Despite having stayed in South Africa my entire life, this world-renowned park had never piqued my interest until my 10-year-old son asked if we could visit it so that he too could understand the ongoing hype surrounding the park. Apart from it being an internationally acclaimed marvel - it is also a much sought-after holiday destination for South Africans.
The park, which is home to the Big 5, covers approximately 19000 square km of the South African landscape. Situated in Mpumalanga, it is surrounded by numerous towns and accommodation options to suit individual preferences.
The greatest appeal of the neighboring towns is that many of them have preserved their colonial artistry and passing through them really does feel like a step back into time and South African history.
One of the surrounding towns that we stayed at is Hazyview which is about 66kms from Nelspruit as well as the nearest airport however, I would suggest driving from Johannesburg as it is a mere 400km away. The drive from Johannesburg takes you along a scenic route where apart from numerous pioneer-type towns such as Belfast and Dullstroom, you pass the likes of the Three Rondavels and Bylde’s Canyon which both form part of the Drakensburg Escarpment. The Panorama Route also offers many worthwhile stops such as Bourke’s Luck Potholes and a plethora of waterfalls.
We stayed at Hazyview Sun which along with Sabi River Sun belongs to the Tsogo Sun chain of hotels. While Hazyview Sun is exclusively hotel-centered, Sabi River has the option of self-catering. Other accommodation options suitable for children include Hazyview Cabanas and Kruger Lodge which both also offer self-catering. Accommodation can even be found within Kruger Park and range from authentic camping experiences to luxurious lodges. Although the town is relatively built up despite its rustic roots, halaal food is sparse. There is a Chicken Licken – a well-known chicken franchise - and a Muslim-owned garage that has a few halal options but staying for more than a weekend could prove problematic meal-wise.
The closest gate from Hazyview is Phabeni Gate which is only 20Kms away from the hotel. The gates open at different times during different seasons and are open as early as 5:30 am in summer. However, getting into the park comes with a fair amount of admin. You have to first book a visit to the park prior to the actual day of visiting via www.sanparks.org and have to pay both an entrance as well as a conservation fee. South African and International visitors pay vastly different fees and you can either pay online or at the park. However, regardless of whether you book online or at the park, you have to still physically disembark and register at the gate. The line moves relatively fast but be prepared for a line because the Kruger enthusiasts are there very early because early morning is when you get the best sightings. Many of the hotels provide a breakfast pack so do remember to request one while at your hotel however ensure that you also take enough snacks and drinks because the park is hot, driving 20 km an hour can be a bit tedious and most of the rest camps only open at 9 am.

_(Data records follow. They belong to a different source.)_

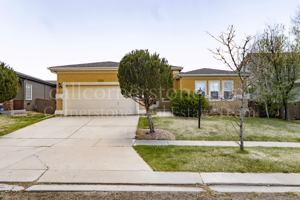 featured image of 3305 Hollycrest Dr #1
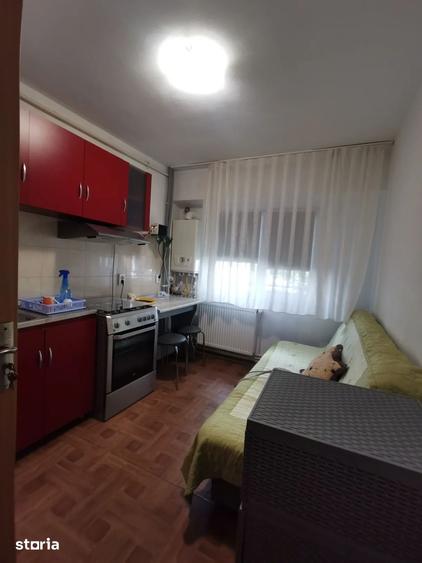 Garsonieră decomandată, mobilată în Inel II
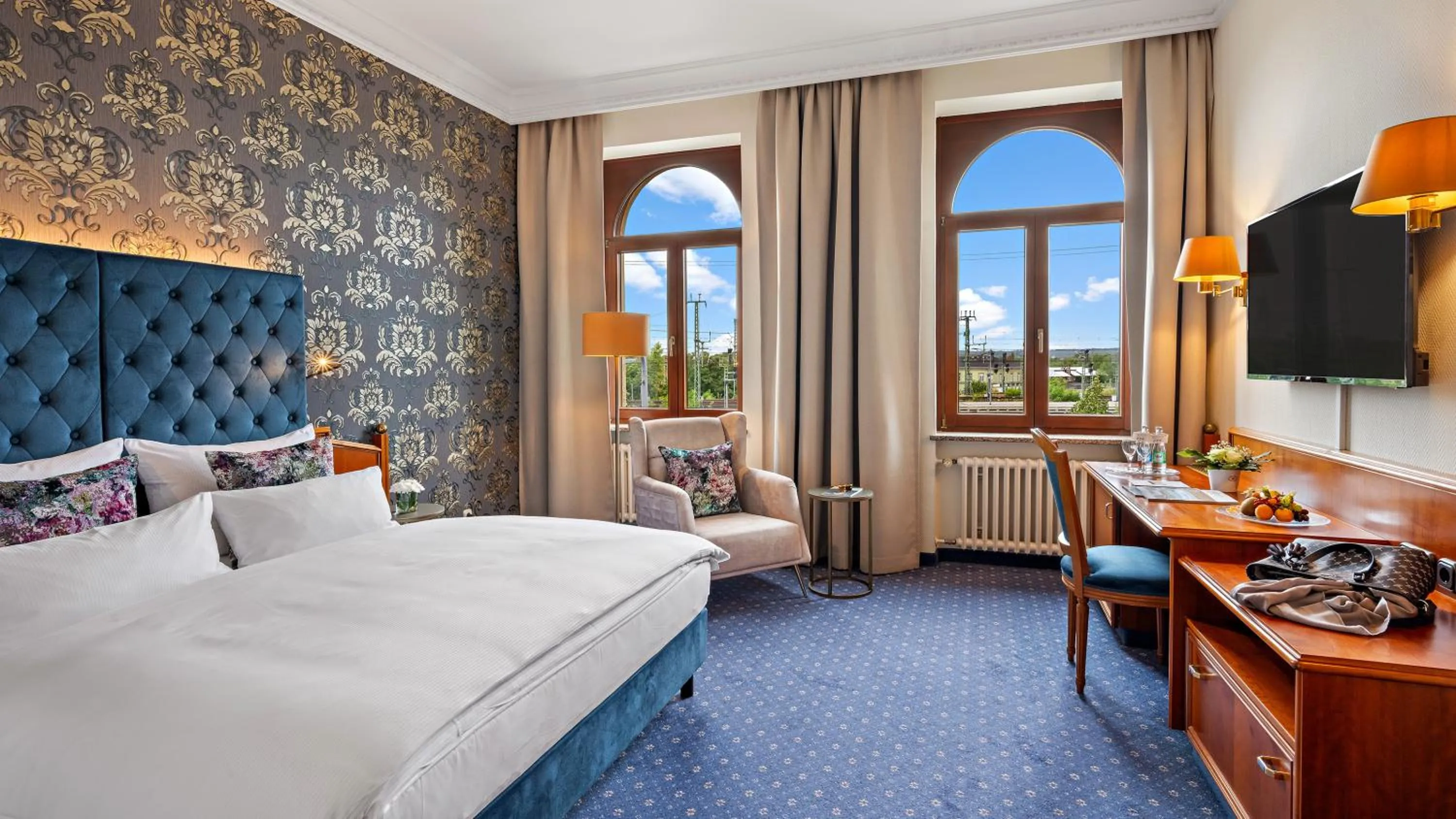 Photo of the whole room, Bed in Hotel Bayerischer Hof Dresden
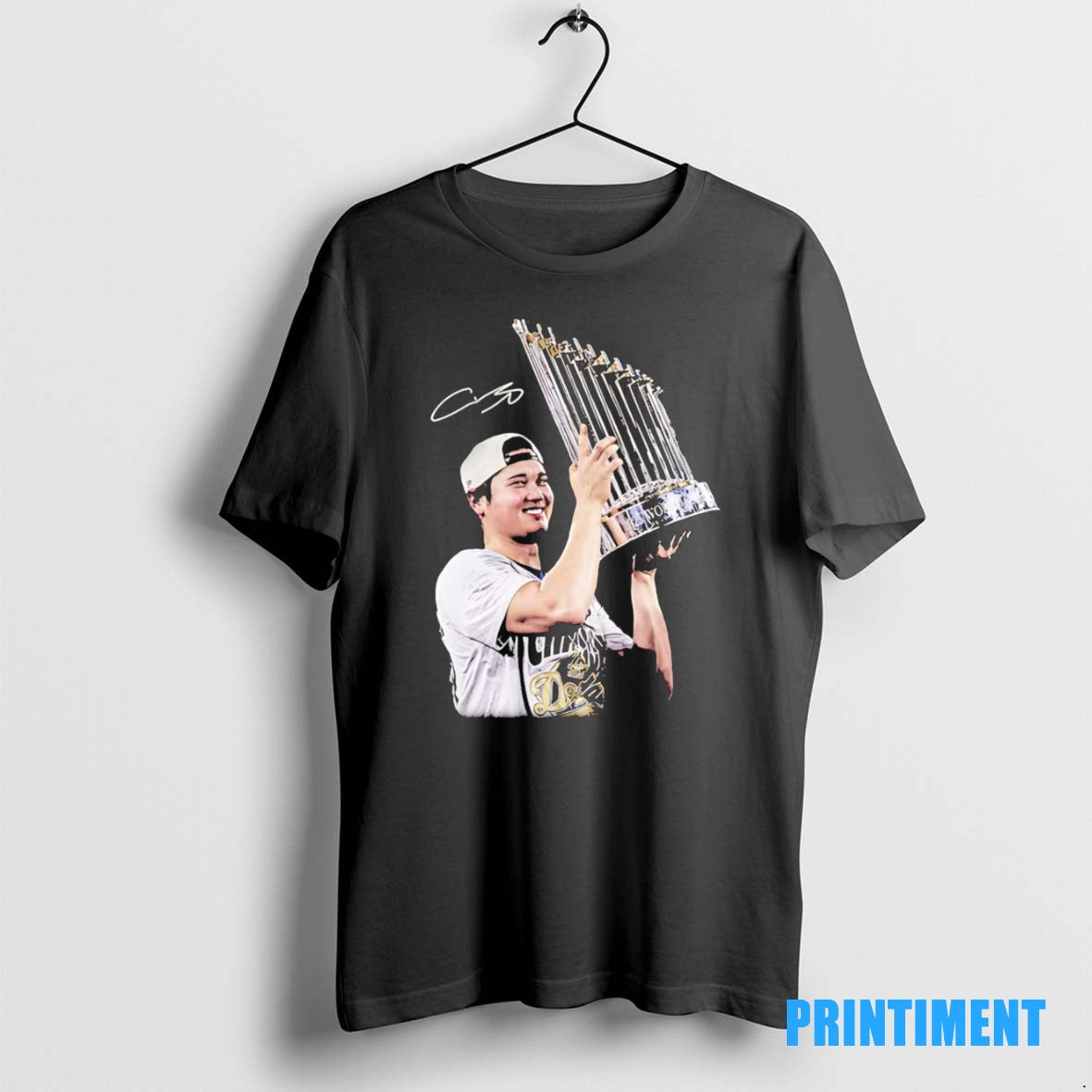 Official Shohei Ohtani Holding 2025 World Series Trophy Tee Sweater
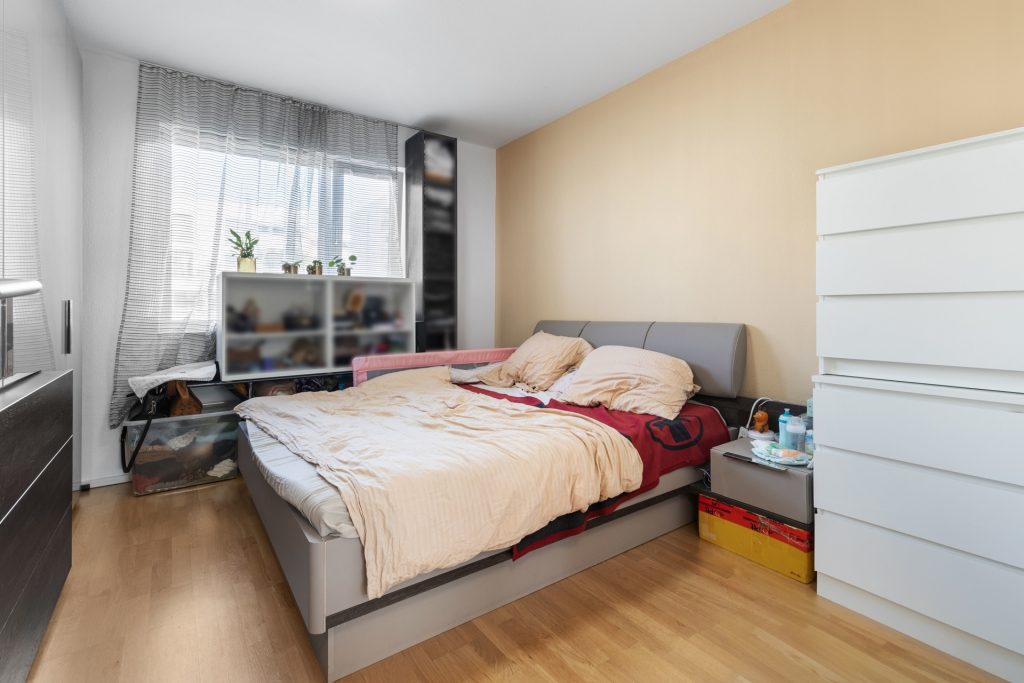 HUST Immobilien GmbH & Co. KG - Immobilienangebot - Karlsruhe / Knielingen - Alle - 4-Zimmer-Erdgeschosswohnung mit Terrasse und großem Garten in Knielingen - aktuell vermietet
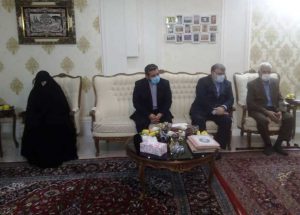 وزیر فرهنگ و ارشاد با خانواده یک شهید مشهدی دیدار کرد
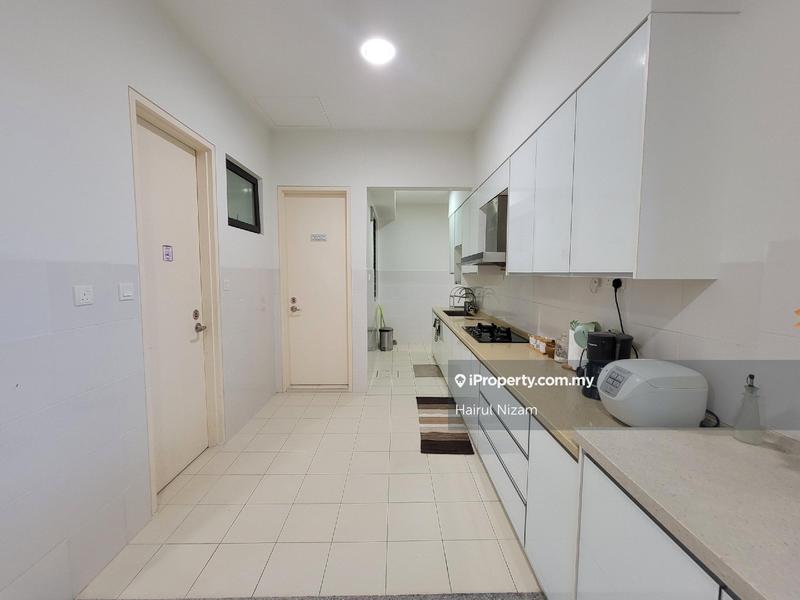 Rumah Berkembar untuk Dijual di Kota Seriemas, Nilai oleh Hairul Nizam - iProperty.com.my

There are private tours as well as tour options outside the park’s gate however I would advise that you drive your own vehicle, especially with kids. The tours follow a particular route and although the drivers may be experienced rangers, something as natural as the Kruger Park is anyone’s game and you can either see a lot or nothing at all regardless of who is driving. From Phabeni Gate it is about 39 km to Skukuza but at 20 km per hour it can take up to 2 hours to get to the camp between the stopping and the sightings.
Skukuza houses a day camp for day visitors with a convenience store onsite and a swimming pool however you need to pay a fee to enter the swimming area. Alongside the day camp is Selati Bridge which is home to the prestigious Kruger Shalati, a train still stationed on a dormant railway line, which has now been converted into a luxury hotel- not suitable for children but a must-do for adults. In this compound, there is also a play area, a train-themed restaurant, a 360 cinema, and a coffee shop.
Although the park goes further north, we stuck to the southern part and continued towards Lower Sabie which is notorious for its abundant wildlife. An added plus of this spot is the wudhu and salaah facilities which have been built for the benefit of the Muslim community and again a variety of tourist shops make it a comfortable stop with kids. A useful facility at each stop is the sightings board which is regularly updated so that you know what to look out for in a particular region.
Our next stop was Crocodile Bridge which is about 35km away. The stop at Crocodile bridge is very minimal but is also an exit point from which we exited. Exiting at Crocodile bridge places you about 2 hours away from Hazyview so a significant amount of ground is covered in the park but you are also a mere 10mins away from the Mozambican border.
TIP- carry your passports along and make a trip to Mozambique. From the border, Maputo the capital city is only 1 hour away where you can enjoy tropical beaches, prawns, and cashew nuts –all indigenous to the country.